What the task asks:
Begin with the first line below and retype each line exactly through the line containing "у каждой аньки должна быть своя ириша!!!". Any pictures are to be left out.

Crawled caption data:
· · · · ·

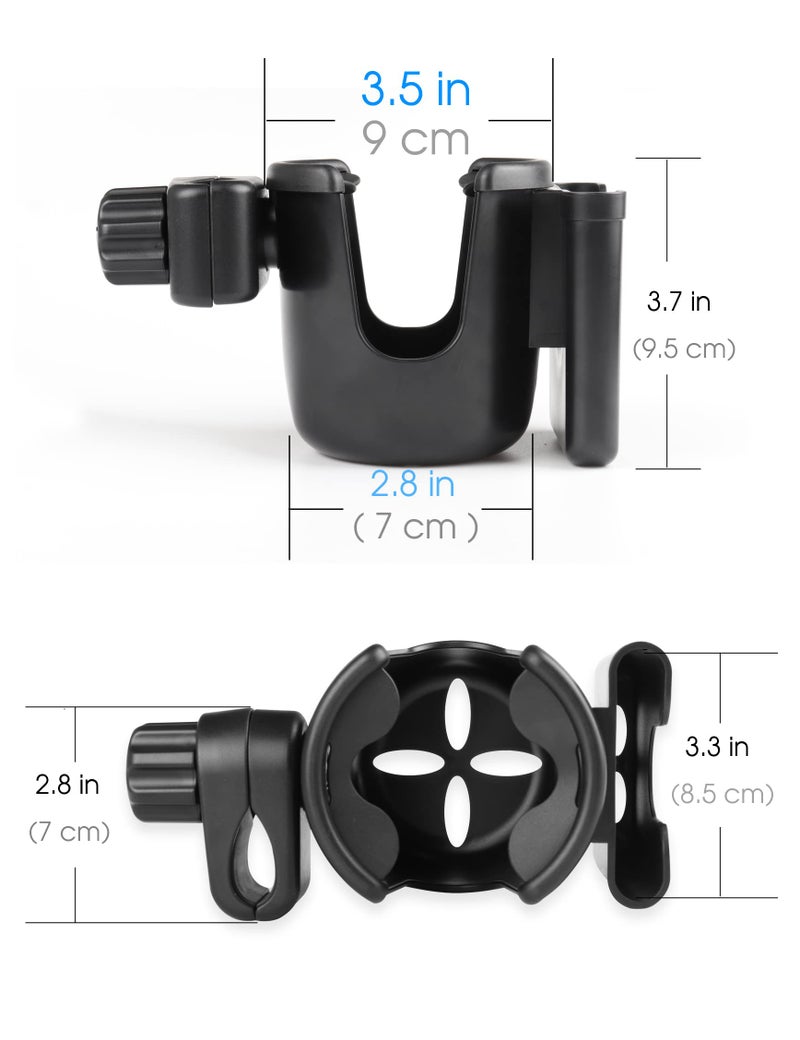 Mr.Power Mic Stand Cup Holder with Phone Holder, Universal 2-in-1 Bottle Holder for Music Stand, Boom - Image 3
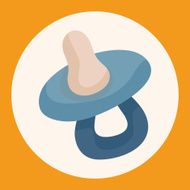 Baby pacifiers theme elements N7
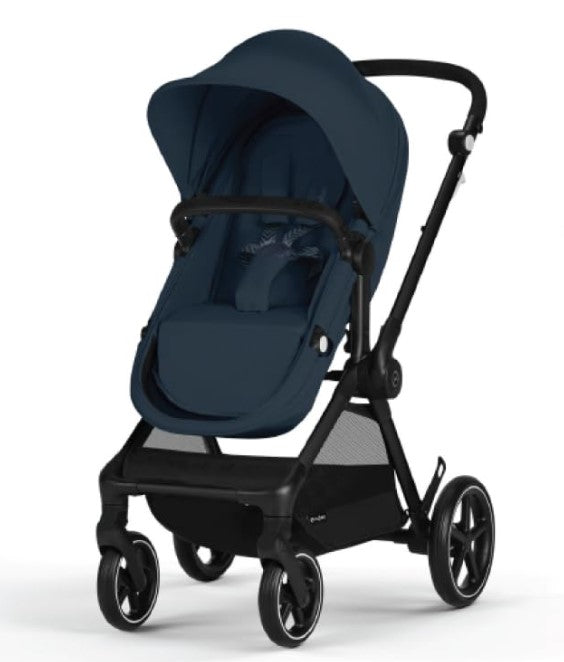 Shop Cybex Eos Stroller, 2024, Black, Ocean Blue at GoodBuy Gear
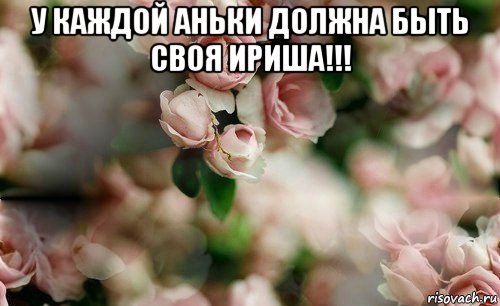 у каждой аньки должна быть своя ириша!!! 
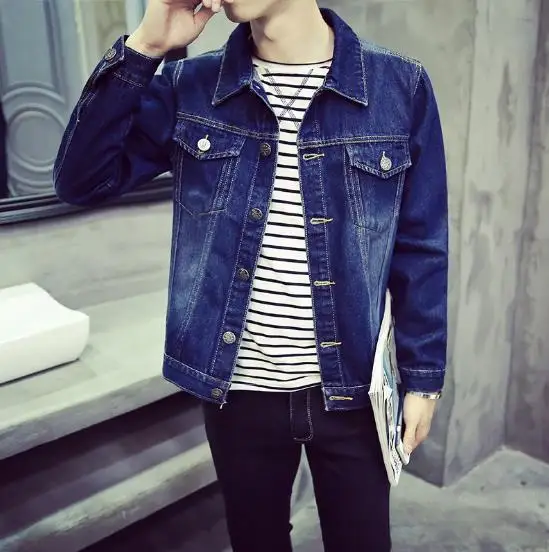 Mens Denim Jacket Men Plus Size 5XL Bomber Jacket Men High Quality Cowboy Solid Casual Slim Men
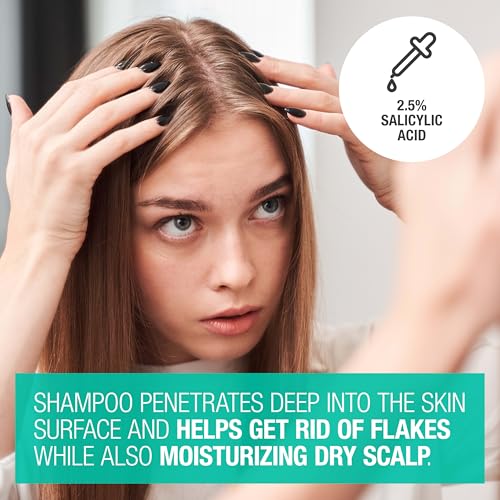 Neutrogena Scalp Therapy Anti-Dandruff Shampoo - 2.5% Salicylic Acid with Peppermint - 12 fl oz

· · · · ·

Answer to the exercise:
 Mr.Power Mic Stand Cup Holder with Phone Holder, Universal 2-in-1 Bottle Holder for Music Stand, Boom - Image 3
 Baby pacifiers theme elements N7
 Shop Cybex Eos Stroller, 2024, Black, Ocean Blue at GoodBuy Gear
 у каждой аньки должна быть своя ириша!!! 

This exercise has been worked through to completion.